Tuesday, April 3, 2012

Times that slipping away~

Days been busy and i keep chasing after times..

What really drain me out not the pack appointments i had but the peoples i loose that faster then the times that slip through my fast pace life..

I didnt want anyone to go....

I didnt know how to save a situation at times..

Sometimes i lost of words to say at a moment of need for communication as i dont feel i will be hear and understand of.

Sometimes it hurt so bad i run away and hide like a little girl.

I am just a girl whom like everyone else making mistakes and slowly learn in life.

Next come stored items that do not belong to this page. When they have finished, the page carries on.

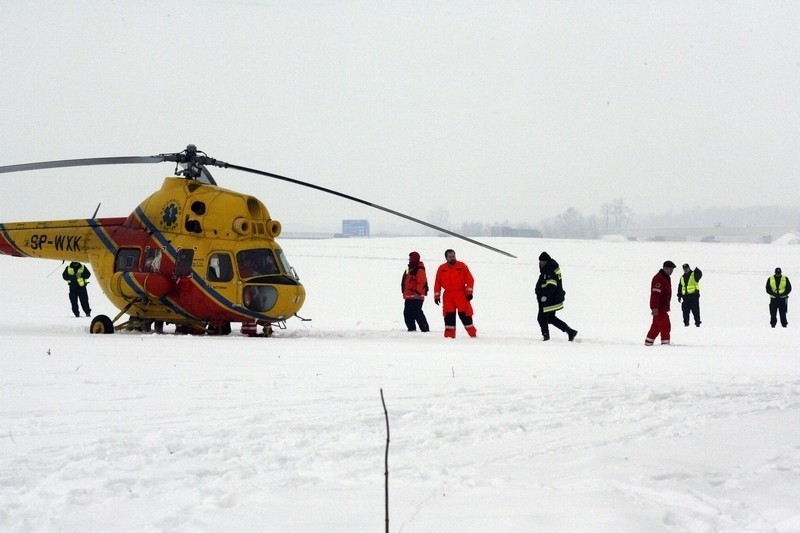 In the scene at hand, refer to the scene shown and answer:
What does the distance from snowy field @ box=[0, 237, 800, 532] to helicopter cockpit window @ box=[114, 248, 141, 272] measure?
12.3 ft

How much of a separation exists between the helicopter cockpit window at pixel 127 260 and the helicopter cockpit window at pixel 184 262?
3.40 ft

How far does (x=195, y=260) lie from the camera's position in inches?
523

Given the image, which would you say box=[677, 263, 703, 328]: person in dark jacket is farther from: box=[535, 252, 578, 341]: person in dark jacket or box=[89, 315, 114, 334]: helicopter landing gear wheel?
A: box=[89, 315, 114, 334]: helicopter landing gear wheel

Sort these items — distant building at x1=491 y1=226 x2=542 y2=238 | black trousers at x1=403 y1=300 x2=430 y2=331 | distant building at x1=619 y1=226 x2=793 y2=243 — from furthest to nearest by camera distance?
distant building at x1=619 y1=226 x2=793 y2=243, distant building at x1=491 y1=226 x2=542 y2=238, black trousers at x1=403 y1=300 x2=430 y2=331

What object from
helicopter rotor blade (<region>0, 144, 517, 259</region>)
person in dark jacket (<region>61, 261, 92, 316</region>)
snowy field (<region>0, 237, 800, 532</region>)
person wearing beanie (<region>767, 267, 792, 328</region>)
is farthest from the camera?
person in dark jacket (<region>61, 261, 92, 316</region>)

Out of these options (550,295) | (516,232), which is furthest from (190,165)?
(516,232)

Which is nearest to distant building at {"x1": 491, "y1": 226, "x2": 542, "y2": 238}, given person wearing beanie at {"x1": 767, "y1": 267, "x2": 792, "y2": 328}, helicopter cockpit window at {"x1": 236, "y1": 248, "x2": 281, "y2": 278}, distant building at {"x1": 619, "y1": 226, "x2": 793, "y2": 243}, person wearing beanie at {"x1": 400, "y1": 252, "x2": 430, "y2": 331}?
distant building at {"x1": 619, "y1": 226, "x2": 793, "y2": 243}

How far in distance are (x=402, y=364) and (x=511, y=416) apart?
9.18 feet

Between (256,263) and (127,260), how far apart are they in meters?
2.92

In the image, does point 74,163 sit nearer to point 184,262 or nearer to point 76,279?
point 184,262

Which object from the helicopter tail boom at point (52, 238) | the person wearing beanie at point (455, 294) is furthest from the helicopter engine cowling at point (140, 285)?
the person wearing beanie at point (455, 294)

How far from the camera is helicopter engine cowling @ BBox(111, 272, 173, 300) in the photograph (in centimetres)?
1330

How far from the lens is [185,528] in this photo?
3475mm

I not sure why sometimes in peoples eyes i seem to be the most wrong and nothing seem right.

No matter is the decisions i made or the things i do..

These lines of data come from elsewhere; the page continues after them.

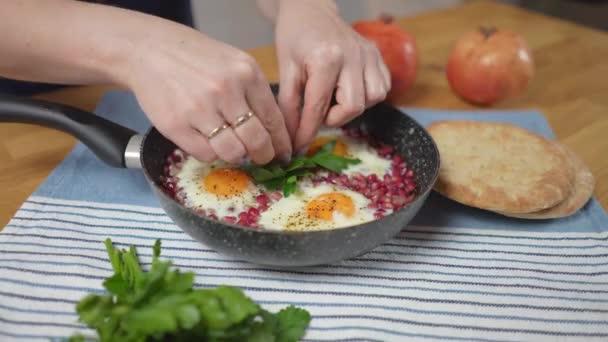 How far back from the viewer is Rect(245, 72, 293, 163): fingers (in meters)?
1.13

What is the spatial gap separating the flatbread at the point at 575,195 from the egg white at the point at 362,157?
350 millimetres

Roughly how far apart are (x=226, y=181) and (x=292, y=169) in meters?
0.17

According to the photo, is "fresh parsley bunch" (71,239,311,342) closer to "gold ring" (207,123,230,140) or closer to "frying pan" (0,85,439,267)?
"frying pan" (0,85,439,267)

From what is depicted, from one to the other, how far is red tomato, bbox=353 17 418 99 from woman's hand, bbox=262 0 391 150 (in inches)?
21.3

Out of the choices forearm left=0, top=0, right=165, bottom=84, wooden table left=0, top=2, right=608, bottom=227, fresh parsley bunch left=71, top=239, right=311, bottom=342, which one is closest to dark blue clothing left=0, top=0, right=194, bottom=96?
wooden table left=0, top=2, right=608, bottom=227

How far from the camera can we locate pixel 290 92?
132 centimetres

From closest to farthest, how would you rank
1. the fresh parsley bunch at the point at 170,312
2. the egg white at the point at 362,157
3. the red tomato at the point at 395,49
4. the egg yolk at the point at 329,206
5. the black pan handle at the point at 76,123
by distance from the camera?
the fresh parsley bunch at the point at 170,312, the egg yolk at the point at 329,206, the black pan handle at the point at 76,123, the egg white at the point at 362,157, the red tomato at the point at 395,49

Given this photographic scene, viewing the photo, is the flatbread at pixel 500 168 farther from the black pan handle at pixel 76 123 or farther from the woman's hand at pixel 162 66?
the black pan handle at pixel 76 123

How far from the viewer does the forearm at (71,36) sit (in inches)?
44.6

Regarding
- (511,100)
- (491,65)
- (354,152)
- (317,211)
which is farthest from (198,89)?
(511,100)

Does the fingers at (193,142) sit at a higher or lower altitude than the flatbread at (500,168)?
higher

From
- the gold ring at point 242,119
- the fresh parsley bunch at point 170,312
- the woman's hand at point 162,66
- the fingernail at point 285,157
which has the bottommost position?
the fingernail at point 285,157

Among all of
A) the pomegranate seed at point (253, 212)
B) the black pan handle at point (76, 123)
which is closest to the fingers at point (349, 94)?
the pomegranate seed at point (253, 212)

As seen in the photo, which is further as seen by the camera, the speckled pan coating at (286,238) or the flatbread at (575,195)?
the flatbread at (575,195) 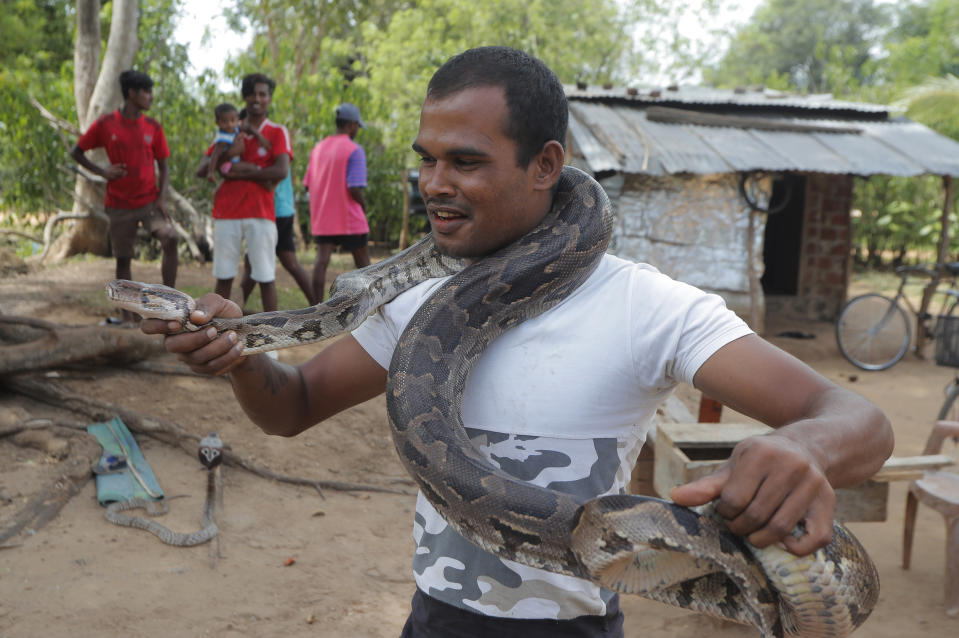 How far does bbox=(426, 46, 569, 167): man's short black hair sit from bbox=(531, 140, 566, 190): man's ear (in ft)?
0.08

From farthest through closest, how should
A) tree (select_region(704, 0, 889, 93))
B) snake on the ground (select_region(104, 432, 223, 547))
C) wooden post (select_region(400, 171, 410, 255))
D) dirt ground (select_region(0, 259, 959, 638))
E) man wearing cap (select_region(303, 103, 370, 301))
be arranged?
tree (select_region(704, 0, 889, 93))
wooden post (select_region(400, 171, 410, 255))
man wearing cap (select_region(303, 103, 370, 301))
snake on the ground (select_region(104, 432, 223, 547))
dirt ground (select_region(0, 259, 959, 638))

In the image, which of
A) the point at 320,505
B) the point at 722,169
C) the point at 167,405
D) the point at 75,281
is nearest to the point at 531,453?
the point at 320,505

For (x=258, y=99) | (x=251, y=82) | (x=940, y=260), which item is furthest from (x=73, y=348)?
(x=940, y=260)

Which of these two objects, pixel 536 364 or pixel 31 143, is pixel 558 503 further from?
pixel 31 143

But i believe end of day or even the start of day in Jesus eyes i am always precious sister and Daddy God child.

I believe and have faith in his eyes i am perfect.

Things i do and put my hard work in he knows and seen it put it in his heart.

He always hold my tiny hand when i trip and fall.

I always pray and tell myself that.

I noticed yesterday much friends have left my fb...

I feel and sense the bad things going behind my back without my knowing..

No matter what, i keep praying to Daddy god to hold my peace.

I dont really want to know what really going on or doubt about it.

There always peoples come and goes.

Everyone have a reason.

Be it good or bad, i believe Daddy god has his own plan.

I still pray and wish daddy god bless everyone.

I might fail to be a friend, a girlfriend or even a understanding and good person.

But i did try my very best to do my parts. If there is any wrong, i pray always Daddy god forgive and guide me along the way in life in his light.

Goodbye to people i had lost.

May everyone be blessed and happy always.

I now slowly finding back the peace in me at this period of hard times.

Thanks daddy god for your loves each day that shower me, amen.